• Your objective:
Transcribe every line from the one containing "Как обшить фронтоны." through the end of the records below, exactly, but not the pictures.

• Records for processing:
────

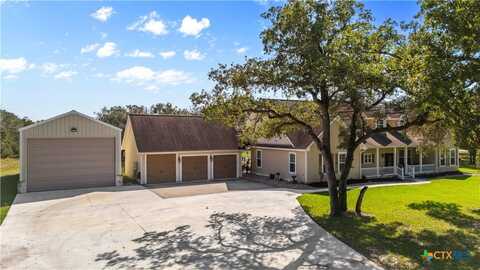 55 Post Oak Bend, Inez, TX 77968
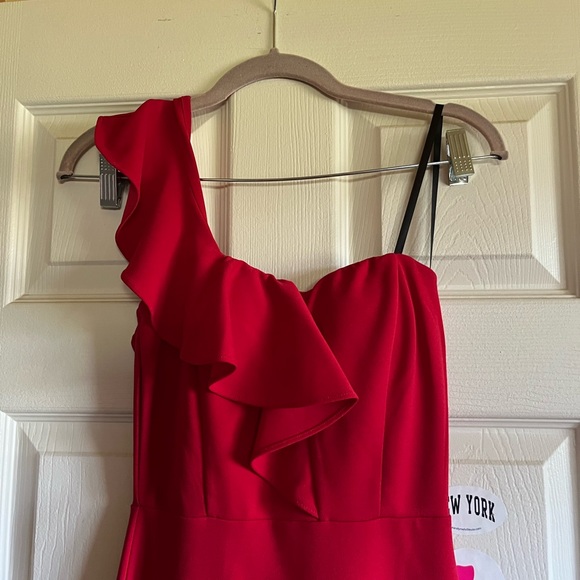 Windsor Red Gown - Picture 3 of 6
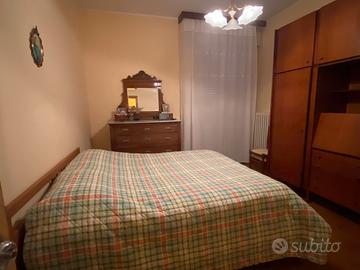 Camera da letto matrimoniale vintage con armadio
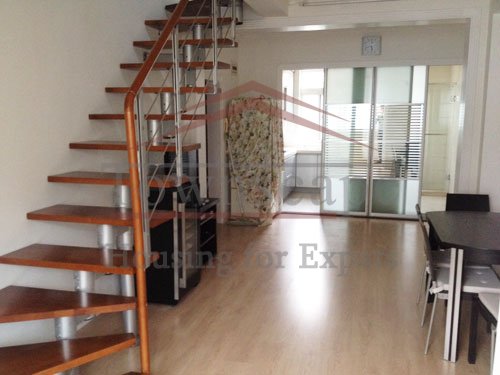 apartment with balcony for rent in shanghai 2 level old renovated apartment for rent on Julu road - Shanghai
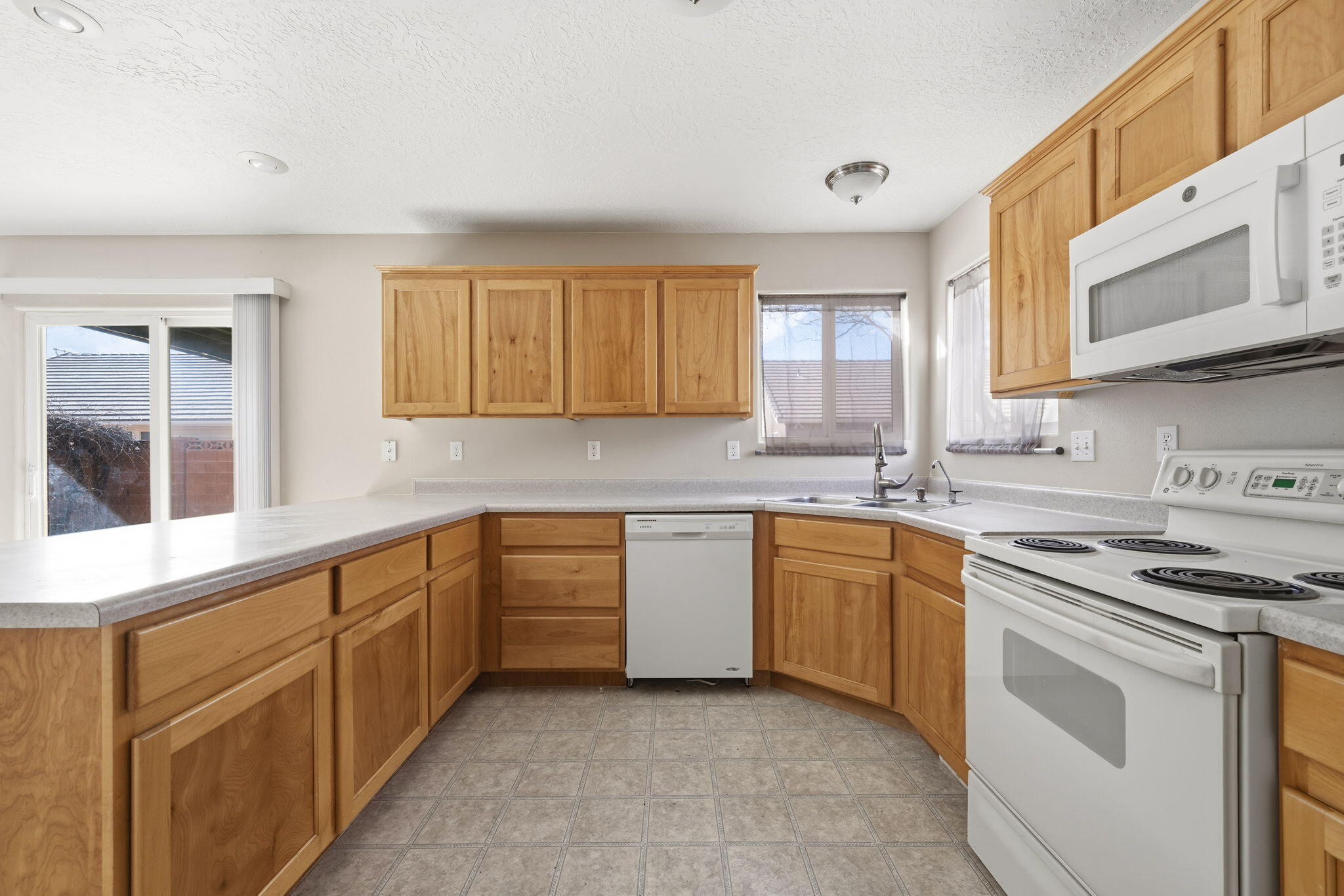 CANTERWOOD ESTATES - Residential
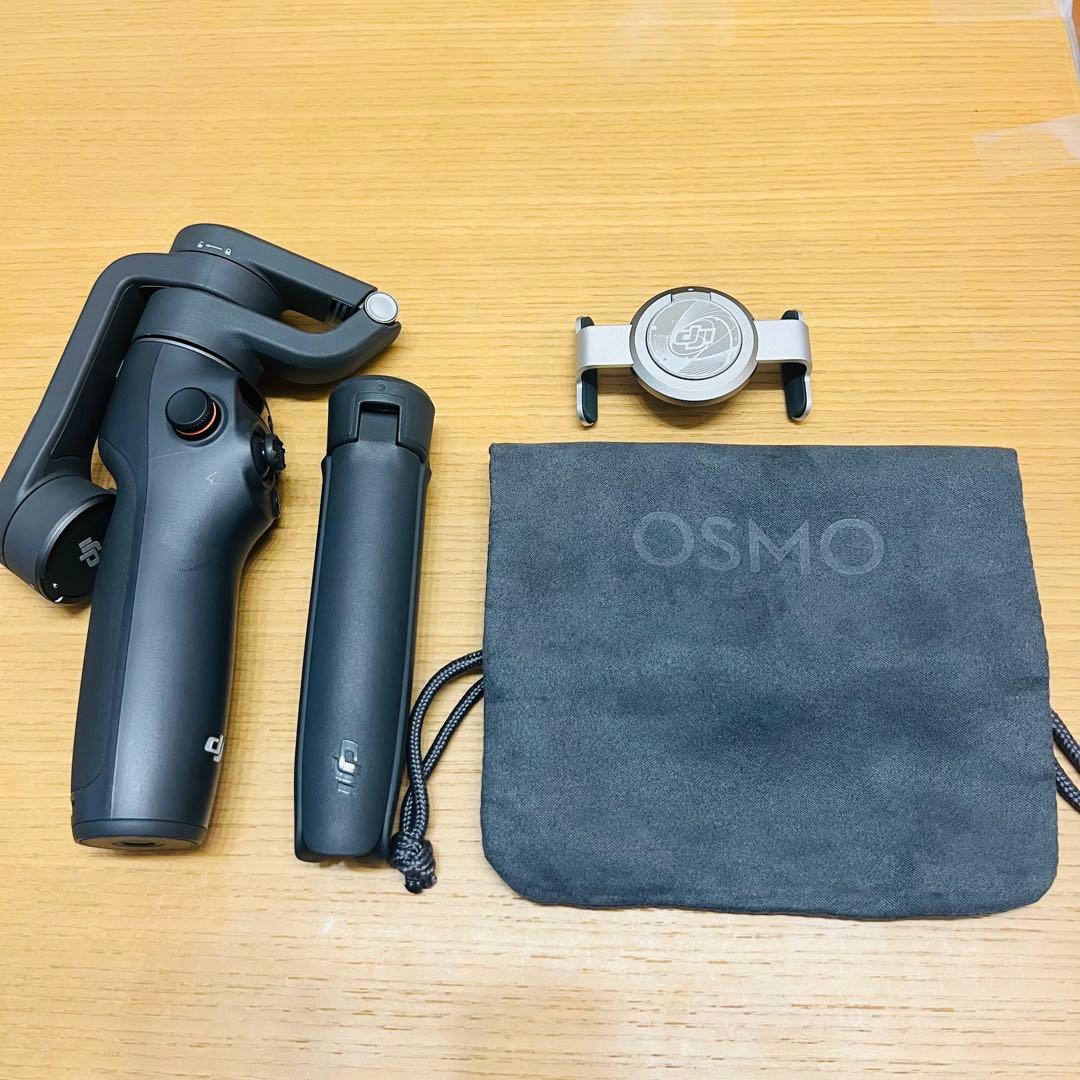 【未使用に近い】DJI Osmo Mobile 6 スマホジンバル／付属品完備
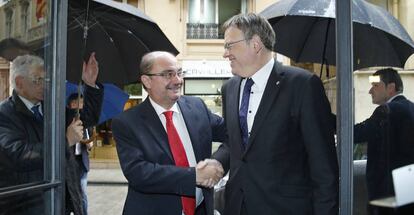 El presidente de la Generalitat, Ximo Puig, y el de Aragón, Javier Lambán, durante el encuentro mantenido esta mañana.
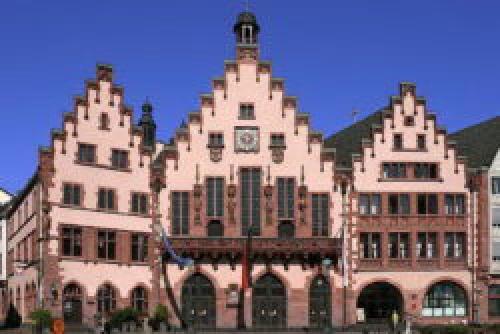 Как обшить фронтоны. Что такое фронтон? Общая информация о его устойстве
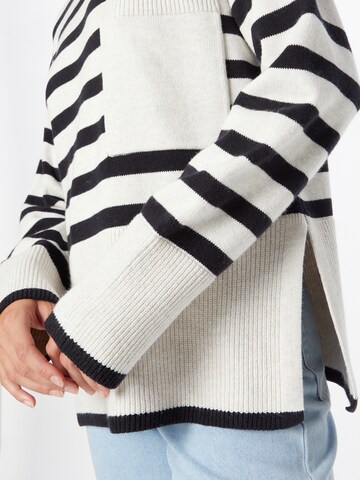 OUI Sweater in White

────

• Response area:
 Как обшить фронтоны. Что такое фронтон? Общая информация о его устойстве
 OUI Sweater in White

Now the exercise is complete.